Friday, 19 December 2014: 1:40 PM
Ben James Kingston Evans1, Clinton Foster2, Stuart A Minchin3, Tim Pugh4, Adam Lewis3, Lesley A Wyborn2, Bradley John Evans5 and Alf Uhlherr6, (1)Australian National University, Canberra, ACT, Australia, (2)Geoscience Australia, Canberra, ACT, Australia, (3)Geoscience Australia, Canberra, Australia, (4)Bureau of Meteorology, Melbourne, Australia, (5)Macquarie University, SOUTH TURRAMURRA, Australia, (6)Commonwealth Scientific and Industrial Research Organisation - CSIRO, Clayton, Australia
Abstract:
The National Computational Infrastructure (NCI) has established a powerful in-situ computational environment to enable both high performance computing and data-intensive science across a wide spectrum of national environmental data collections – in particular climate, observational data and geoscientific assets. This paper examines 1) the computational environments that supports the modelling and data processing pipelines, 2) the analysis environments and methods to support data analysis, and 3) the progress in addressing harmonisation of the underlying data collections for future transdisciplinary research that enable accurate climate projections.

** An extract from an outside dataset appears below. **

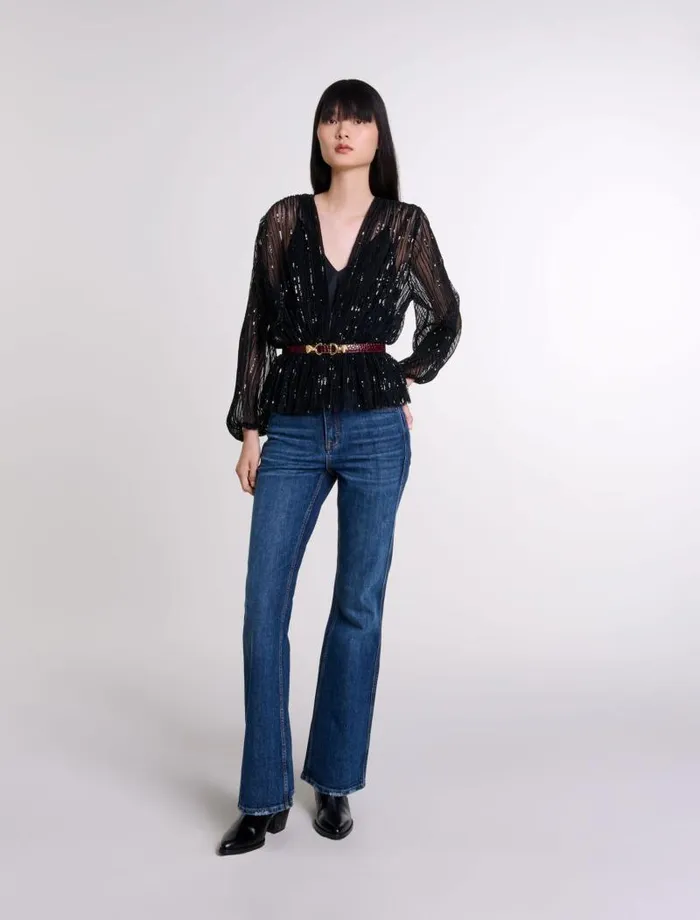 Maje Tops and Shirts Womens Belted Sequin Shirt Black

NCI makes available 10+ PB major data collections from both the government and research sectors based on six themes: 1) weather, climate, and earth system science model simulations, 2) marine and earth observations, 3) geosciences, 4) terrestrial ecosystems, 5) water and hydrology, and 6) astronomy, social and biosciences. Collectively they span the lithosphere, crust, biosphere, hydrosphere, troposphere, and stratosphere. The data is largely sourced from NCI’s partners (which include the custodians of many of the national scientific records), major research communities, and collaborating overseas organisations.

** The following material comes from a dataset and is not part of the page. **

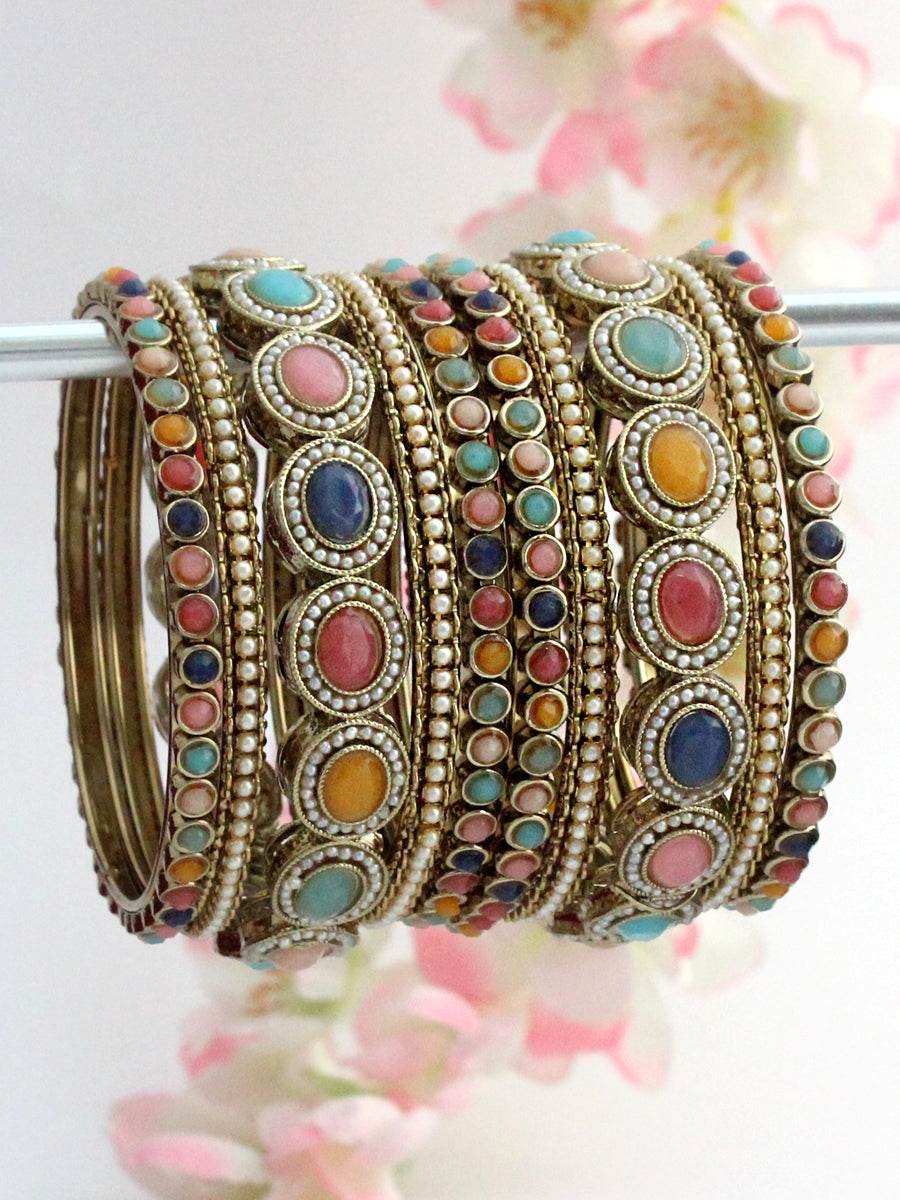 Saanvi Bangle Set/ Stack Multicolor Bangles T4 Jewels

The data is accessible within an integrated HPC-HPD environment - a 1.2 PFlop supercomputer (Raijin), a HPC class 3000 core OpenStack cloud system and several highly connected large scale and high-bandwidth Lustre filesystems. This computational environment supports a catalogue of integrated reusable software and workflows from earth system and ecosystem modelling, weather research, satellite and other observed data processing and analysis.

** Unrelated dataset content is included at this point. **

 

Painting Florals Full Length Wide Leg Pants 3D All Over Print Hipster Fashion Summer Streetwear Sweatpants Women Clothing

To enable transdisciplinary research on this scale, data needs to be harmonised so that researchers can readily apply techniques and software across the corpus of data available and not be constrained to work within artificial disciplinary boundaries. Future challenges will involve the further integration and analysis of this data across the social sciences to facilitate the impacts across the societal domain, including timely analysis to more accurately predict and forecast future climate and environmental state.